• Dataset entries
━━━━━━━━━━━━━━━━

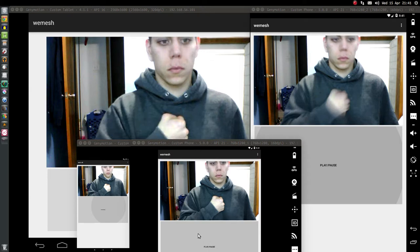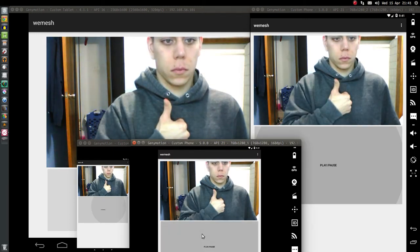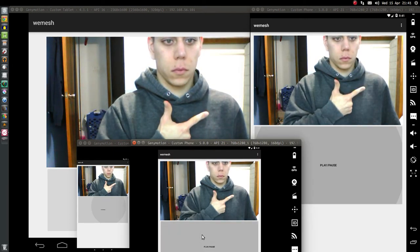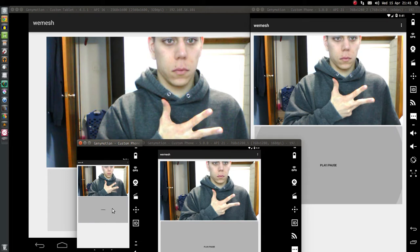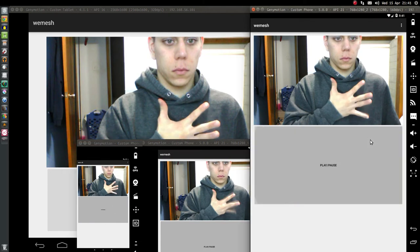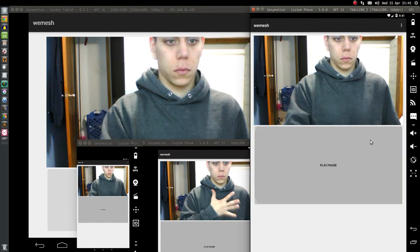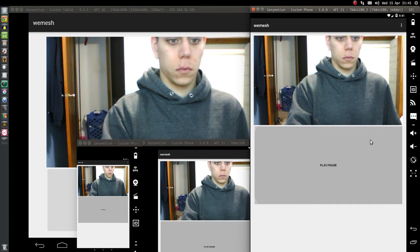We're going to go to the bottom one right here and click the play button. Then we're going to go to the smaller one and hit the pause button. Go to the medium one, hit the play button. They should all be synced up.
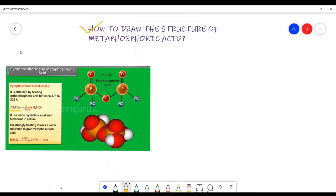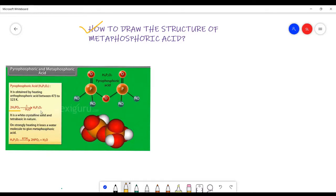Another question is how to draw the structure of metaphosphoric acid. Metaphosphoric acid is formed by the strong heating of orthophosphoric acid. It is obtained by heating orthophosphoric acid between 423 to 473 Kelvin. One water molecule is eliminated to form H₄P₂O₇, pyrophosphoric acid. The oxidation state of phosphorus in H₄P₂O₇ is plus 5, so we can easily determine the name as pyrophosphoric acid.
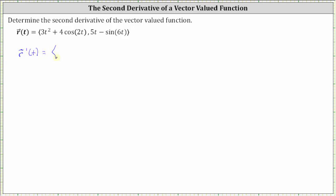The derivative of three t squared is six t. Then we have plus the derivative of four cosine two t. Notice here we need to apply the chain rule. The derivative of four cosine two t is equal to four times negative sine two t, times the derivative of two t, which is two.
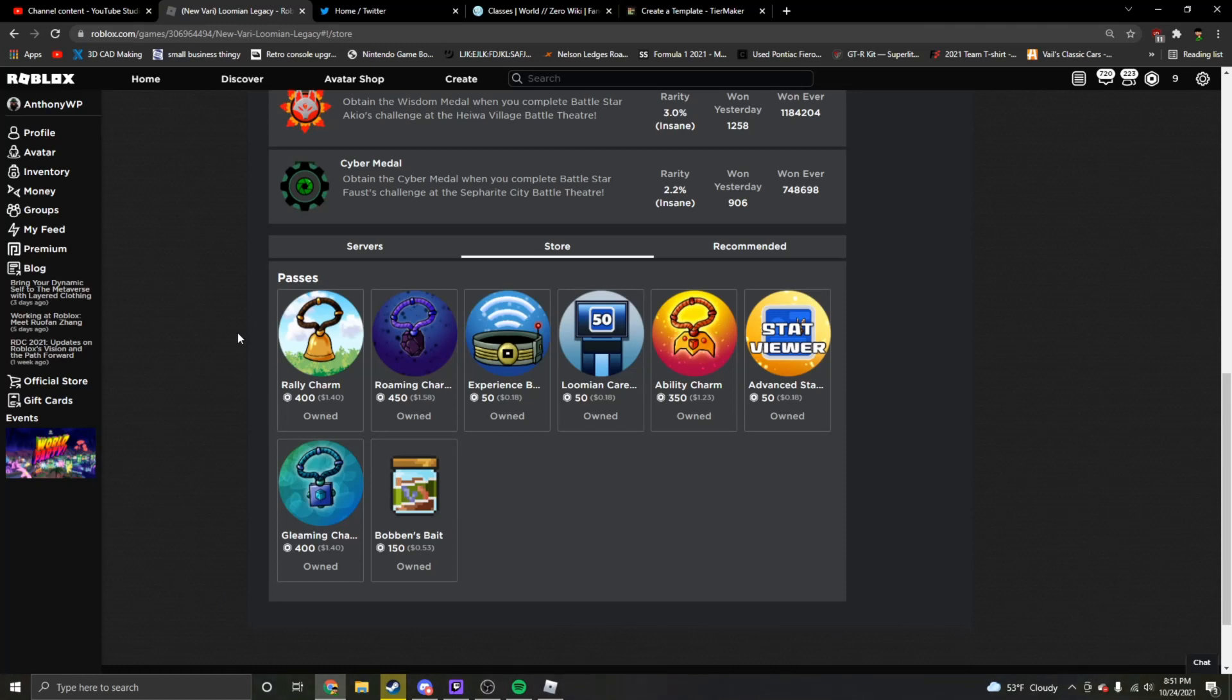So that's pretty much all the Game Passes that Loomian Legacy has to offer. If you guys agree with what I said, then make sure you leave a like, subscribe, leave a comment. Let me know which ones you're going to be buying, or which ones you won't be buying. And I'll see you guys next video. Peace.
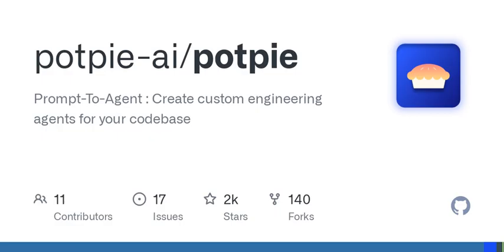Now, for those new to PotP, getting started is straightforward. You need Docker, Python, and an OpenAI API key. From there, it's just a matter of setting up your environment, starting PotP, and you're ready to start parsing your code base. Just like unwrapping a gift, the potential inside can be quite thrilling once you get it open.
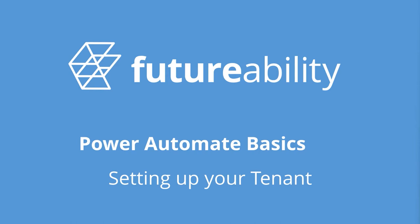Hello and welcome to this short video on how to set up your tenant for Power Automate. Please note that before you continue, you must have a personal email address that you can use with the sign up process.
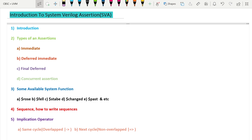Hello and welcome to this series on introduction to SystemVerilog Assertion (SVA) — a very powerful construct of the SystemVerilog language. As part of this series, here is what we are going to cover.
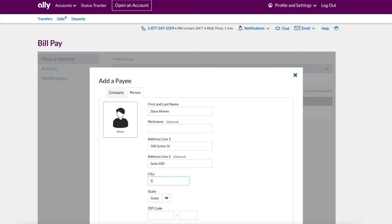In address line 3 you can put city, state, and zip code. In line 4 you can put the country name and postal code.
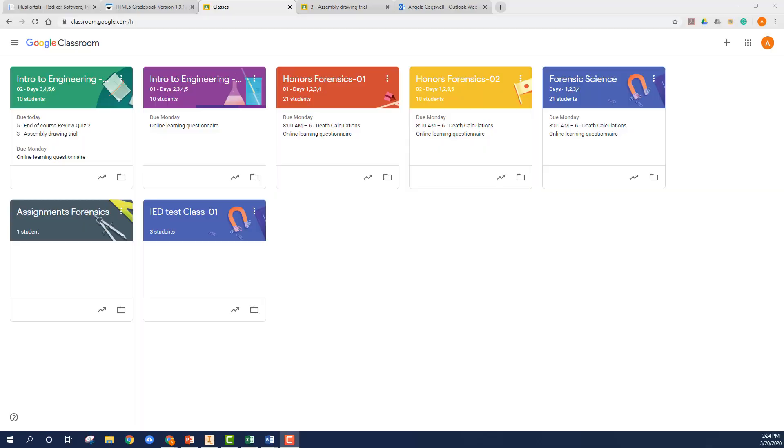Good day fellow teachers. I've been asked by some of the other newer teachers on Google Classroom if I could cover a couple topics about how Google Classroom works and how to integrate it with Plus Portals.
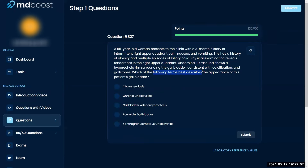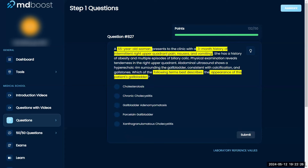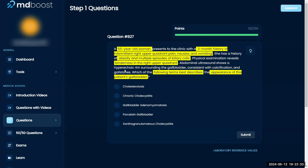Which of the following terms best describes the appearance of the patient's gallbladder? Cholecystitis, gallbladder adenomyomatosis, porcelain gallbladder, or xanthogranulomatous cholecystitis? A 55-year-old woman presents to the clinic with a three-month history of intermittent right upper quadrant pain, nausea, and vomiting. She has a history of obesity and multiple episodes of biliary colic. Physical examination reveals tenderness in the right upper quadrant, and abdominal ultrasound reveals hyperechoic rims surrounding the gallbladder consistent with calcification and gallstones.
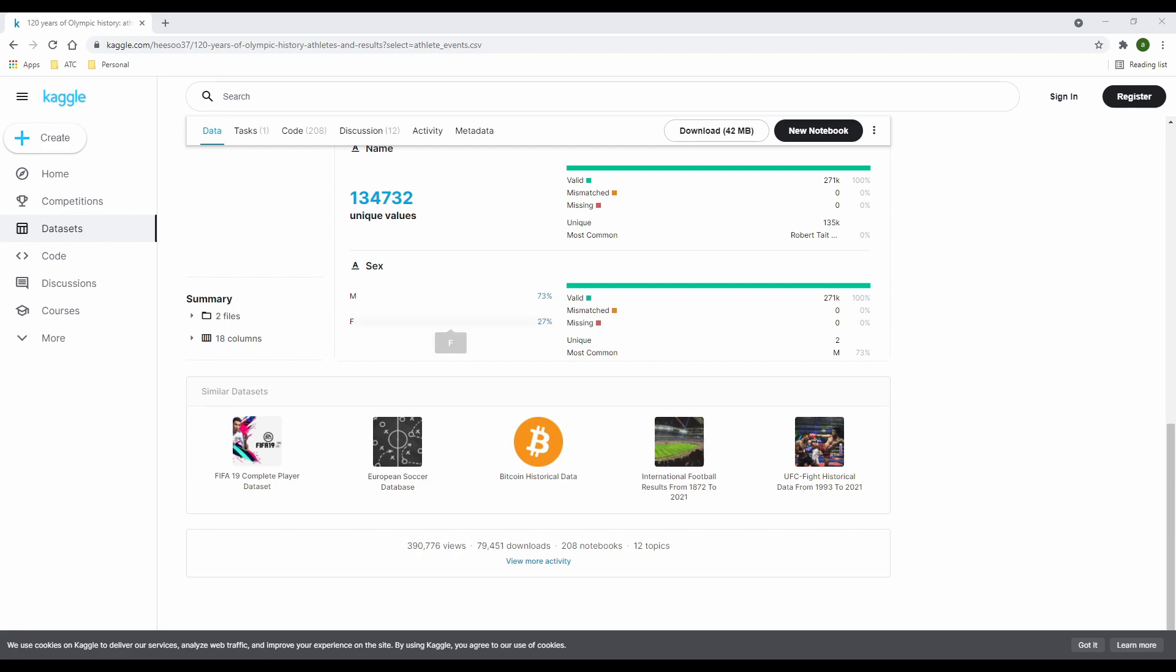In my next video, I'm going to perform an analysis on the Olympic Games data set using Microsoft Excel. You can head over to kaggle.com and download the same data set. Make sure you give the data set an upvote as a little appreciation to the data set owner.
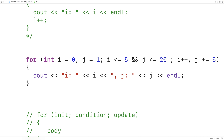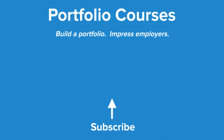There is another type of for loop in C++ called a range-based for loop. I've made a separate video on that type of for loop and I'll link to that video in the description. So this is how we can use for loops in C++. Check out PortfolioCourses.com where we'll help you build a portfolio that will impress employers.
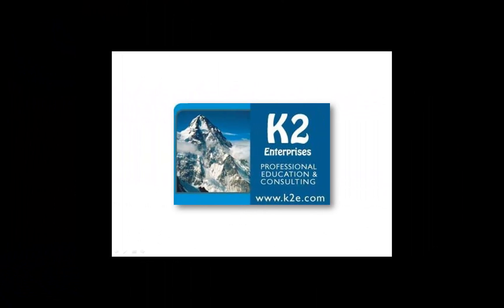On behalf of everyone at K2 Enterprises, thanks for taking time to watch this video tip. For more information on the training courses we offer, please visit our website at www.k2e.com.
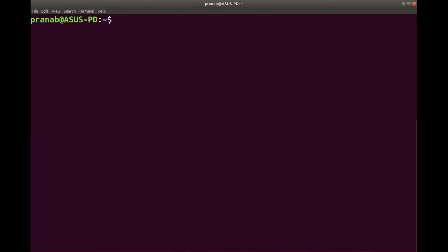Today we will see the basic Linux commands. For this you need to have a Linux operating system installed in your system. It can be either Ubuntu, it can be Fedora, it can be OpenSUSE. I have installed Ubuntu and I will be showing the basic commands in Ubuntu.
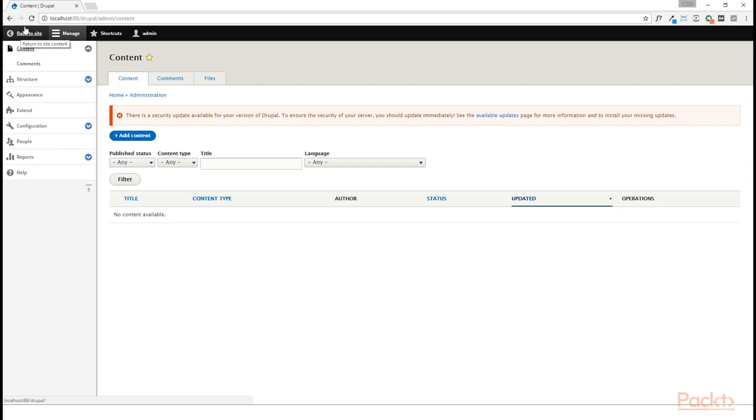You see, when we create nodes on our Drupal site, for all intents and purposes, these nodes are absolutely separate. Even though we may create ten nodes of an article content type, Drupal really doesn't know anything about the other nodes that have been created. All it knows is that when it filters and files them into its database, they're part of a specific collection. But beyond that, it really doesn't do anything.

━━━━━━━━━━━━━━━━

• The task
The line containing "Now, for those" marks where the copy ends; print every line before it from the start of the records, and that line too, but no pictures.

• Solved exercise
We're going to go to the bottom one right here and click the play button. Then we're going to go to the smaller one and hit the pause button. Go to the medium one, hit the play button. They should all be synced up.
Another question is how to draw the structure of metaphosphoric acid. Metaphosphoric acid is formed by the strong heating of orthophosphoric acid. It is obtained by heating orthophosphoric acid between 423 to 473 Kelvin. One water molecule is eliminated to form H₄P₂O₇, pyrophosphoric acid. The oxidation state of phosphorus in H₄P₂O₇ is plus 5, so we can easily determine the name as pyrophosphoric acid.
The derivative of three t squared is six t. Then we have plus the derivative of four cosine two t. Notice here we need to apply the chain rule. The derivative of four cosine two t is equal to four times negative sine two t, times the derivative of two t, which is two.
So that's pretty much all the Game Passes that Loomian Legacy has to offer. If you guys agree with what I said, then make sure you leave a like, subscribe, leave a comment. Let me know which ones you're going to be buying, or which ones you won't be buying. And I'll see you guys next video. Peace.
Now, for those new to PotP, getting started is straightforward. You need Docker, Python, and an OpenAI API key. From there, it's just a matter of setting up your environment, starting PotP, and you're ready to start parsing your code base. Just like unwrapping a gift, the potential inside can be quite thrilling once you get it open.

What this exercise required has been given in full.